On Alan's album of covers, Under the influence, Alan made clear that one of his influences was Don Williams. This mellow album is devoid of all the good-time rocking songs like Chattahoochee and Don't rock the jukebox, while it also lacks any real tear-jerkers like Here in the real world. That said, the album does have some sadness, like Gone crazy, but even here it seems that Alan has accepted the situation and is past the stage of being upset.
Another great song is Little man, a song about what a town used to be like in the old days - another song with a tinge of sadness but philosophical acceptance. There are happier songs here too, like Right on the money and I'll go on loving you. Alan reflects on the past and also looks to the future in What a day yesterday was, hoping that life will continue to be just as good. The tempo picks up a little on Hurting comes easy and a bit more on Another good reason, but even this track, while fast by the standards of this album, is slow compared to many of Alan's classic up-tempo songs. The closing Amarillo, like all the songs here, is an original song and should not be confused with Emmylou's song of the same title.

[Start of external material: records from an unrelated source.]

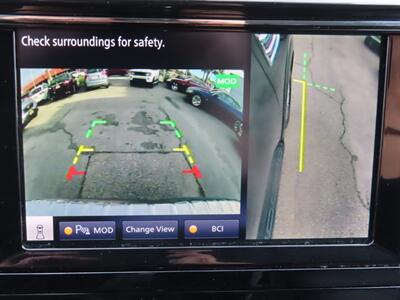 2020 INFINITI QX80 Luxe - Photo 34 - Santa Cruz, CA 95062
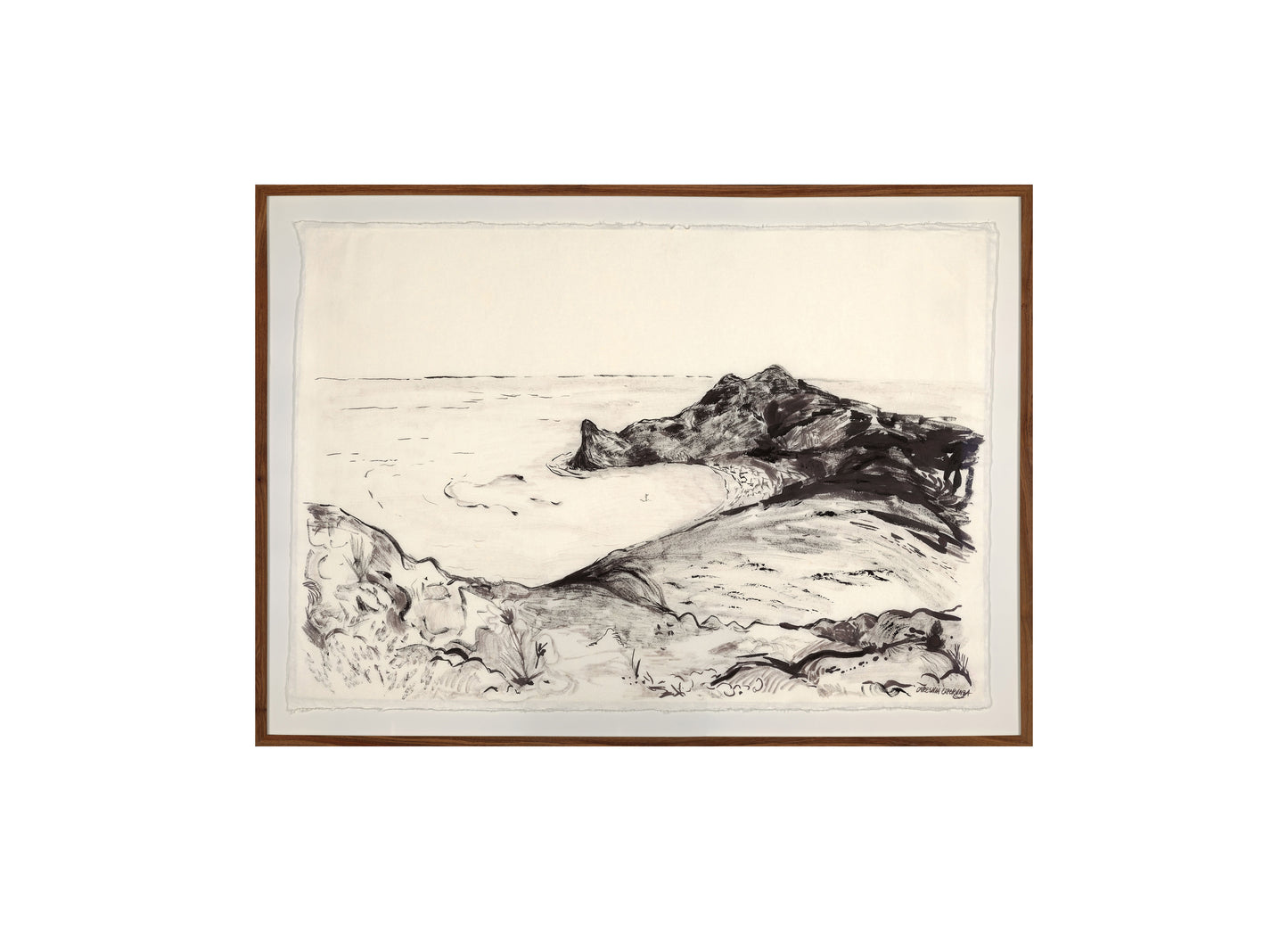 Hout Bay Original Artwork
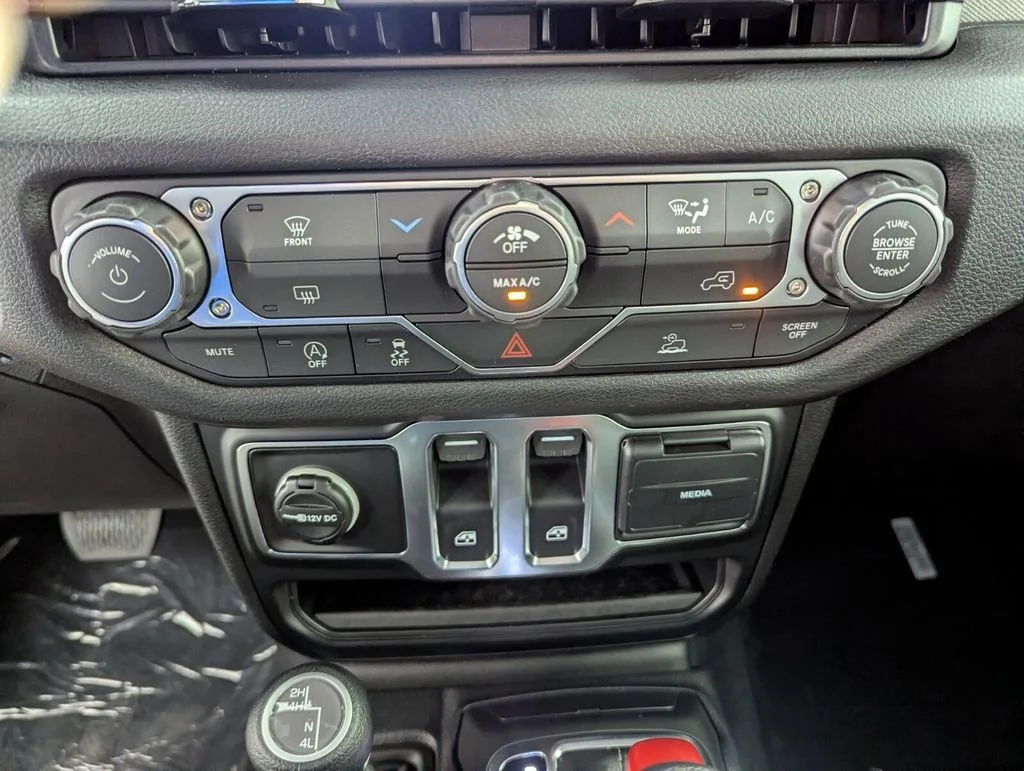 New 2026 41 Exterior Paint Jeep Sport S image 19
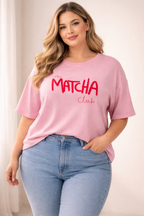 SHIRT | MATCHINA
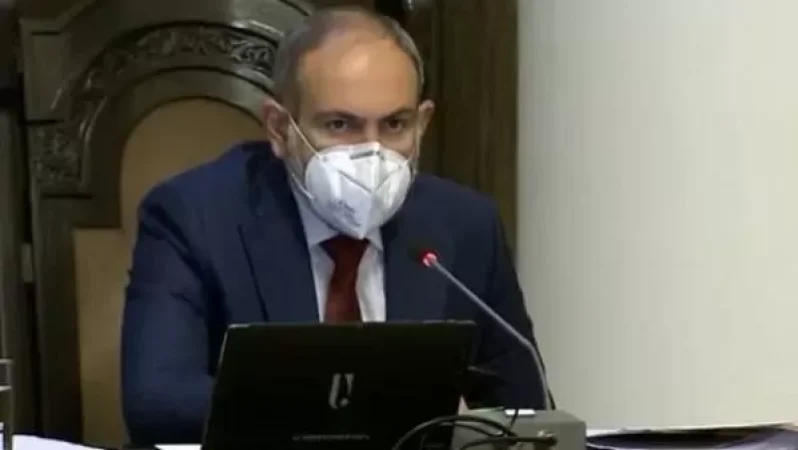 Քաղաքացին պետք է վստահ լինի՝ եթե գնում է 5 լիտր բենզին, ապա իր մեքենան լիցքավորում են հենց 5 լիտրով․ վարչապետ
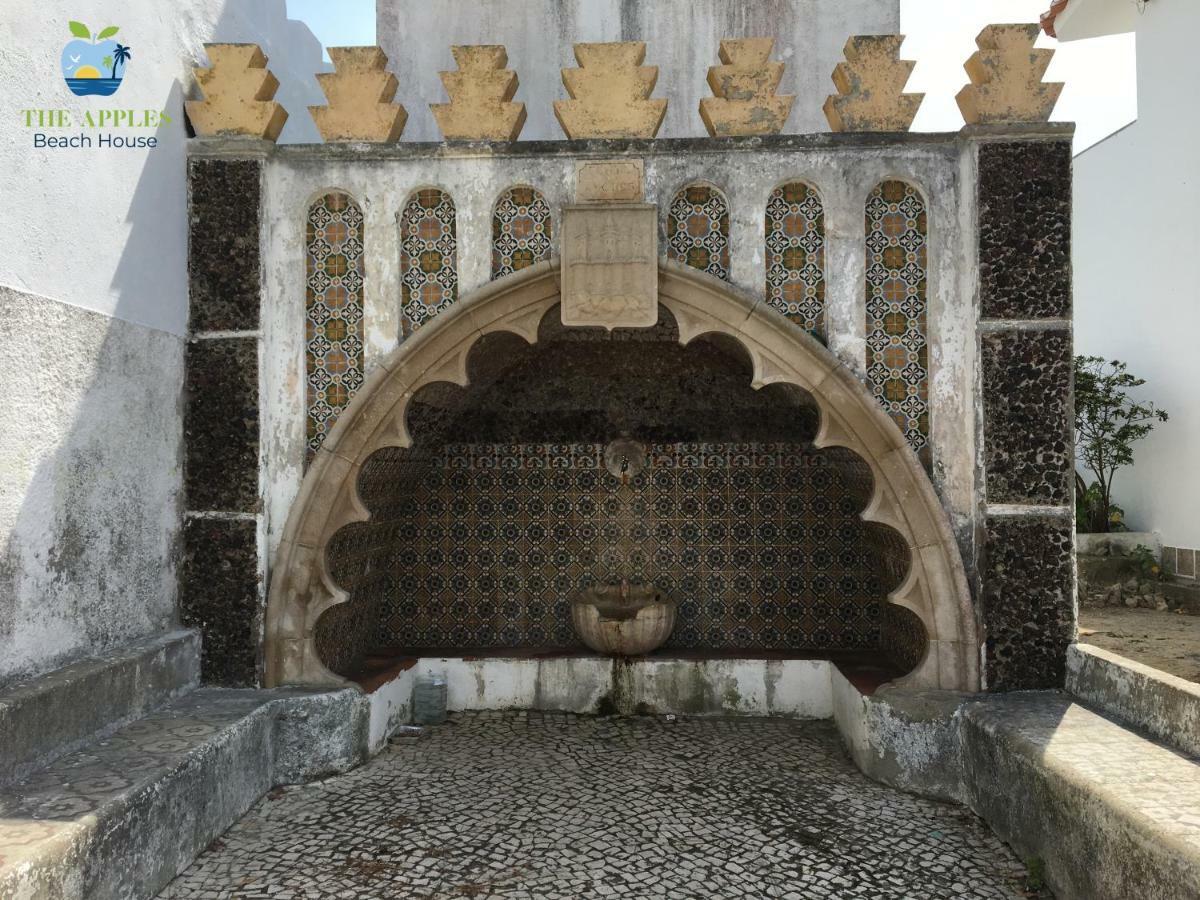 The Apples - Beach House Sintra Exterior photo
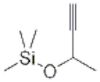 2-Trimethylsilyloxy-3-Butyne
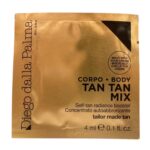 Set, Diego Dalla Palma, Diego Dalla Palma, Hydrating & Repairing, Self-Tanning Drops, 8 pcs, 2 ml *Sample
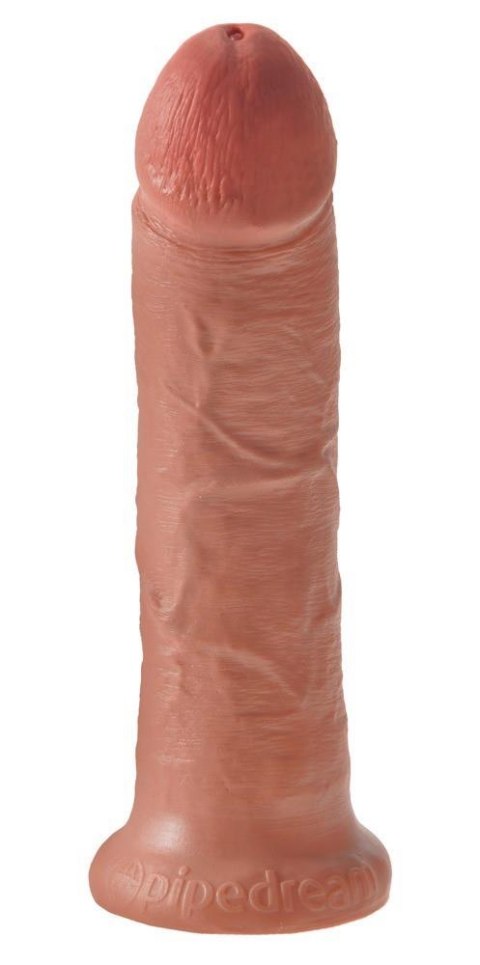 King Cock 8 inch Tan King Cock King Cock 8 inch Tan King Cock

On this album, Alan gives the impression of being comparatively at ease with the world - nothing to get too excited about, but nothing to get too sad about either. It is exactly the kind of album that Don recorded in the seventies and eighties, albeit with a contemporary production. I like this album a lot. It does not show the full range of Alan's capability but there are times when this is just the kind of album I want to listen to.